Mrs. Ward admits that at the beginning England was unprepared, which
itself demonstrated that as a Nation she never wished for war with
Germany, and never expected it. Her countrymen had no faith in Lord
Roberts's ten-year-long agitation for universal national service, based on
the portentous growth of the German army and navy. She never knew of any
hatred of Germany in the country. On the contrary, she realized what
England and all the rest of the world owed to Germany in so many ways.

England was not absolutely unprepared in the sense that the United States
is unprepared, even for self-defence from external attack, but except for
the fleet and her little expeditionary force, England had neither men nor
equipment equal to the fighting of a great Continental war.

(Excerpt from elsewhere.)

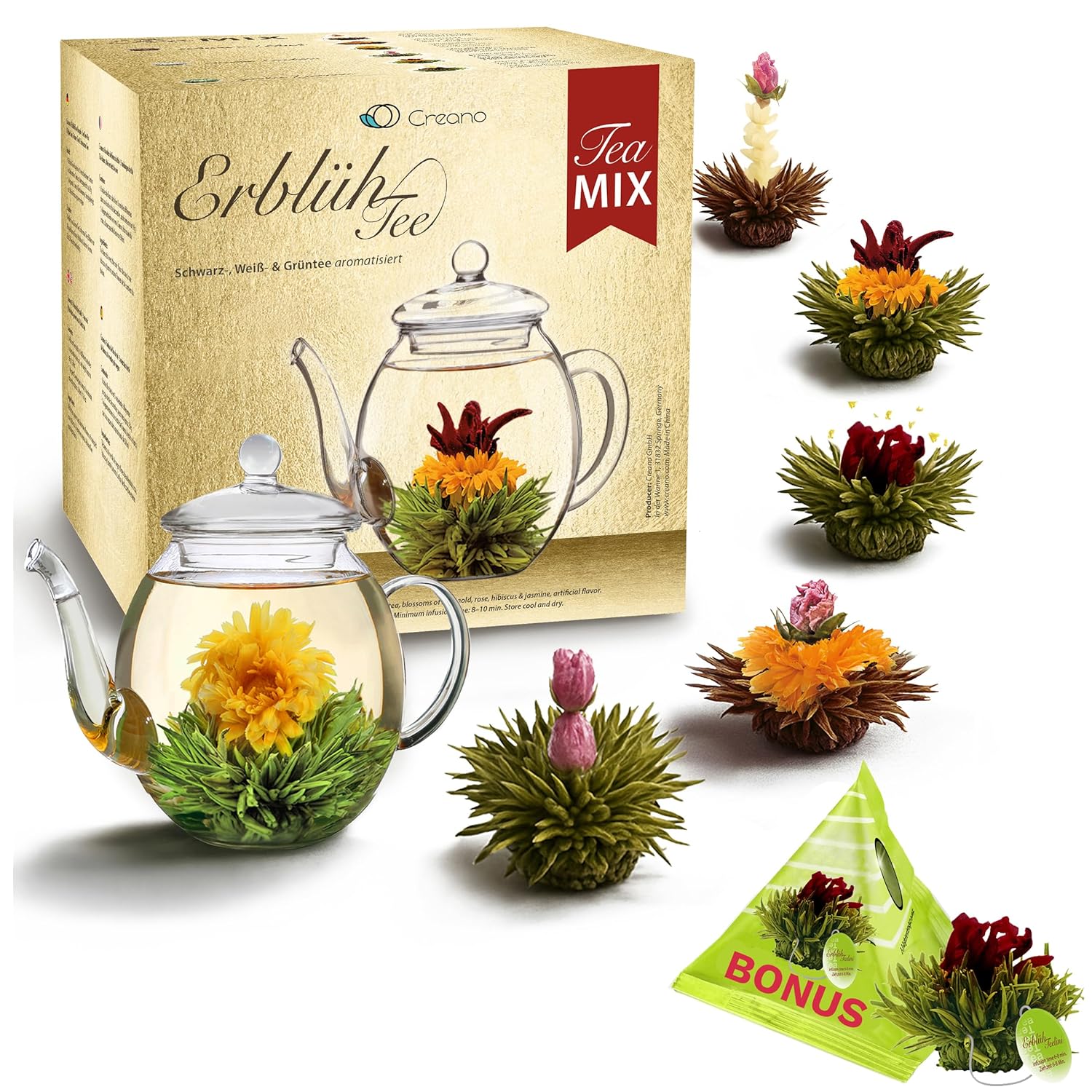 Detalle de Creano Erblühtee Geschenkset 500ml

The wholly unexpected news of the invasion of Belgium aroused the whole
country to realize that war on a scale never known before had come, and,
as the firing upon Fort Sumter awakened America, convinced England that
she must fight to the death for her liberties, unready as she was;--but
Mr. Balfour, the First Lord of the Admiralty, says that, since the war
began, she has added one million to the tonnage of her navy, and has
doubled its personnel, and is adding more every day.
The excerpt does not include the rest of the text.